Il documento di prassi ricorda che l’articolo 3 del Dlgs n. 195/2008, unitamente alla normativa europea, prevede l’obbligo per chiunque entra o esce nel territorio nazionale e trasporta denaro contante di importo pari o superiore a 10mila euro di effettuare la dichiarazione valutaria presso l’Ufficio doganale competente per il primo punto di entrata o per l’ultimo punto d’uscita del territorio nazionale.
Per lo specifico settore del traffico marittimo, le attuali procedure prevedono l’obbligo di presentazione della dichiarazione anche se il denaro dichiarato non venga materialmente sbarcato.
La dichiarazione valutaria può essere anche consegnata in forma scritta, al momento del passaggio, presso gli uffici di confine i quali rilasciano la ricevuta o inviata telematicamente prima di passare la frontiera (articolo 3, comma 2, del D.lgs. 195/2008).
Nelle more dell’attivazione di un sistema telematico dedicato, l’Agenzia delle dogane, con la circolare n. 15/2024, precisa che i soggetti tenuti all’adempimento (comandanti/armatori di navi/imbarcazioni commerciali/passeggeri delle unità da diporto, ovvero i soggetti da questi delegati, nonché ogni altro passeggero presente a bordo dei mezzi) possono presentare la dichiarazione anche via Pec, oltre alla tradizionale consegna fisica quando avviene il passaggio alla frontiera.
La circolare indica, inoltre, alcune ulteriori semplificazioni, in particolare in presenza di sistemi di contabilizzazione che consentono il monitoraggio in tempo reale delle consistenze della cassa o delle casse di bordo.

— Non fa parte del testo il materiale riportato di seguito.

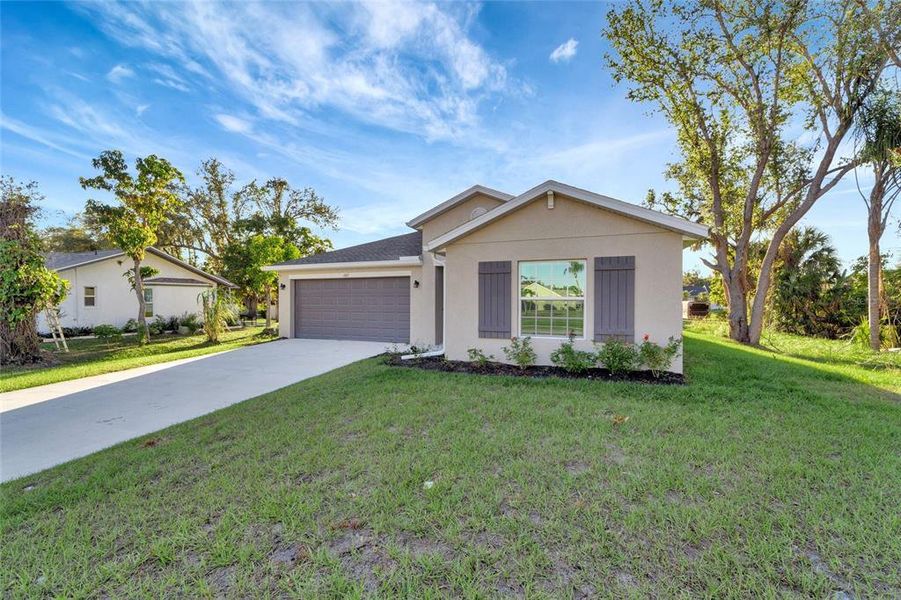 Front exterior of a new home in , Port Charlotte, FL, highlighting curb appeal (Image 1). Front exterior of a new home in , Port Charlotte, FL, highlighting curb appeal (Image 1).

In caso di imbarco o sbarco del denaro contante di importo pari o superiore a euro 10mila euro, invece, sarà necessario recarsi fisicamente presso l’Ufficio doganale competente per il primo punto di entrata o per l’ultimo punto d’uscita del territorio nazionale per il deposito e la registrazione della dichiarazione.

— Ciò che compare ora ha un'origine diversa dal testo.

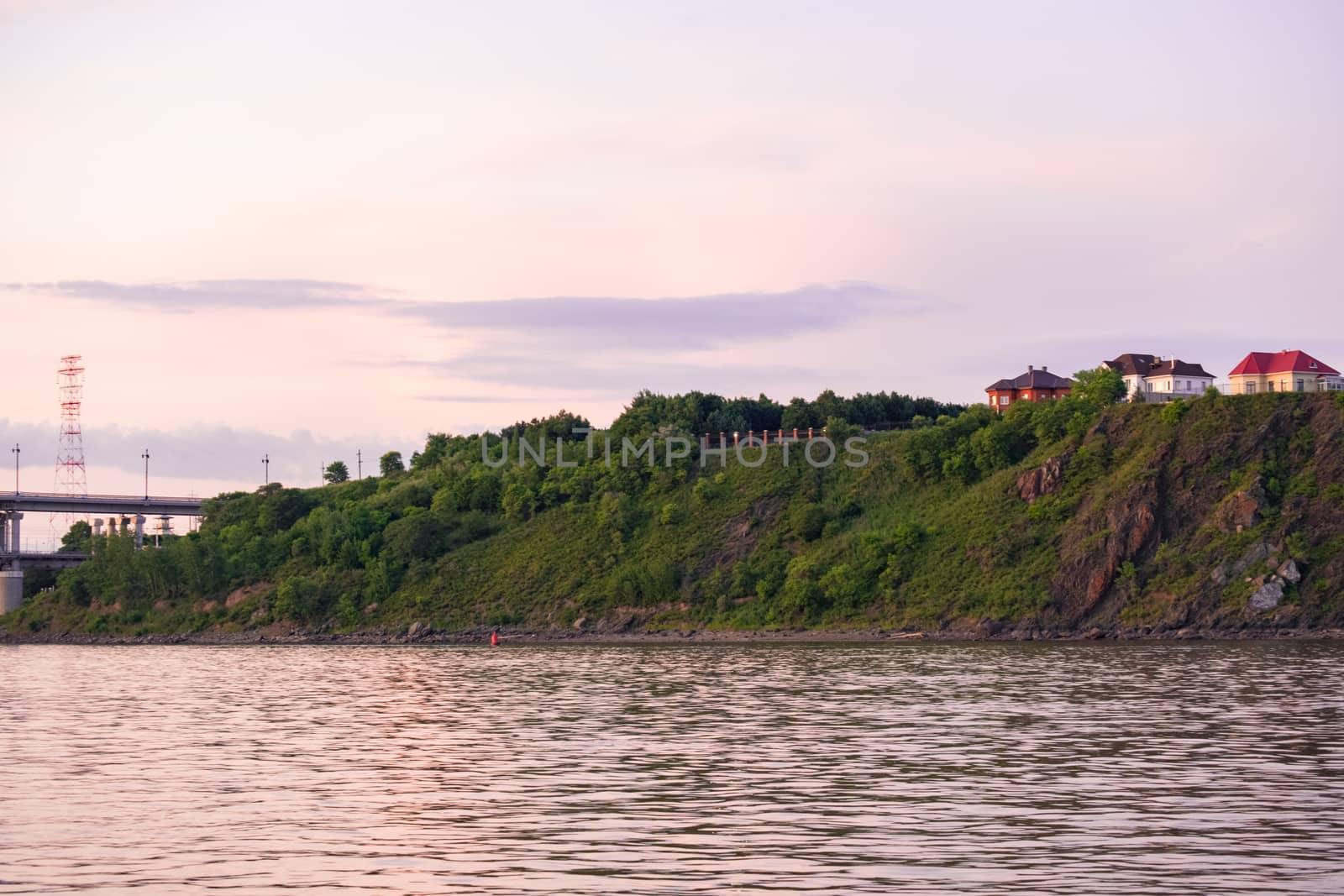 Bridge over the Amur river at sunset. Russia. Khabarovsk. Photo from the middle of the river. by rdv27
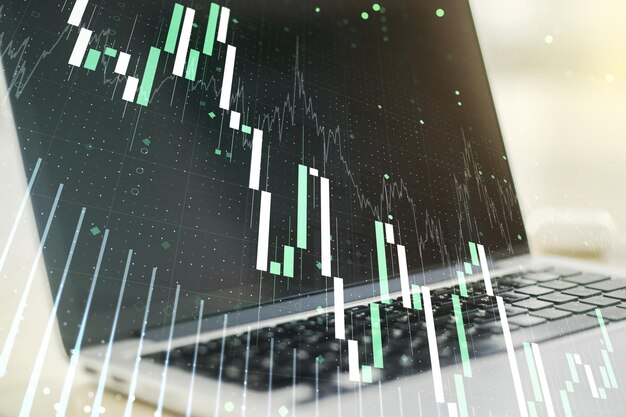 Multi exposure of abstract financial graph on laptop background financial and trading concept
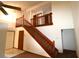 View of a carpeted staircase with wooden railings in a home with a vaulted ceiling at 4214 Longfellow Dr, Plant City, FL 33566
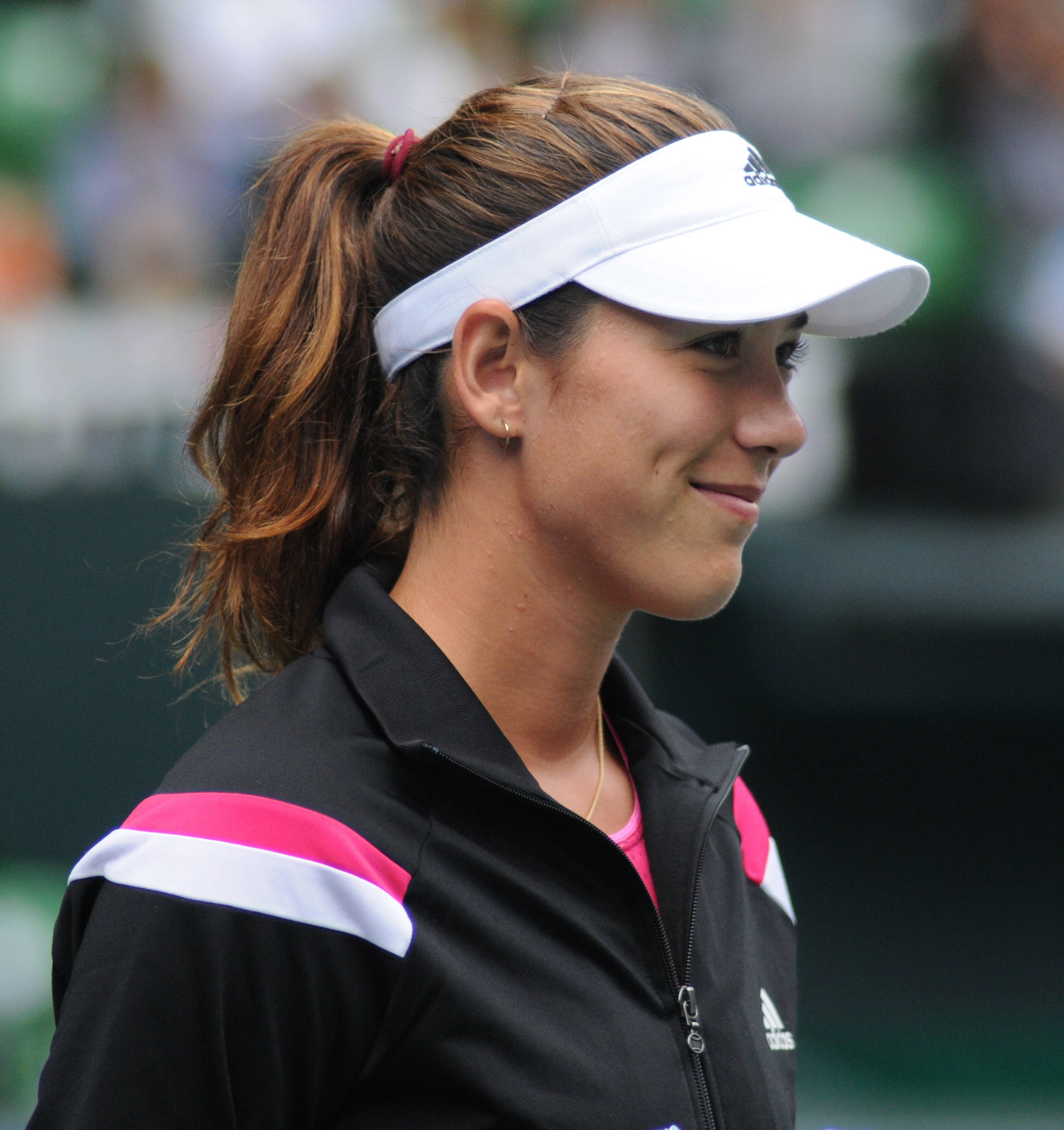 Tennis 桌布 壁紙 — 一位微笑的女網球選手，戴著白色遮陽帽，身穿帶有粉紅色點綴的黑色外套，在球場上看向旁邊。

Se lo sbarco avviene al di fuori degli orari di lavoro dell’Ufficio, la dichiarazione deve essere anticipata a mezzo Pec all’Ufficio territorialmente competente per la registrazione, e consegnata presso il medesimo Ufficio, o in quello limitrofo, entro il primo giorno utile successivo all’arrivo o antecedente alla partenza, per consentire il deposito della stessa o il suo completamento.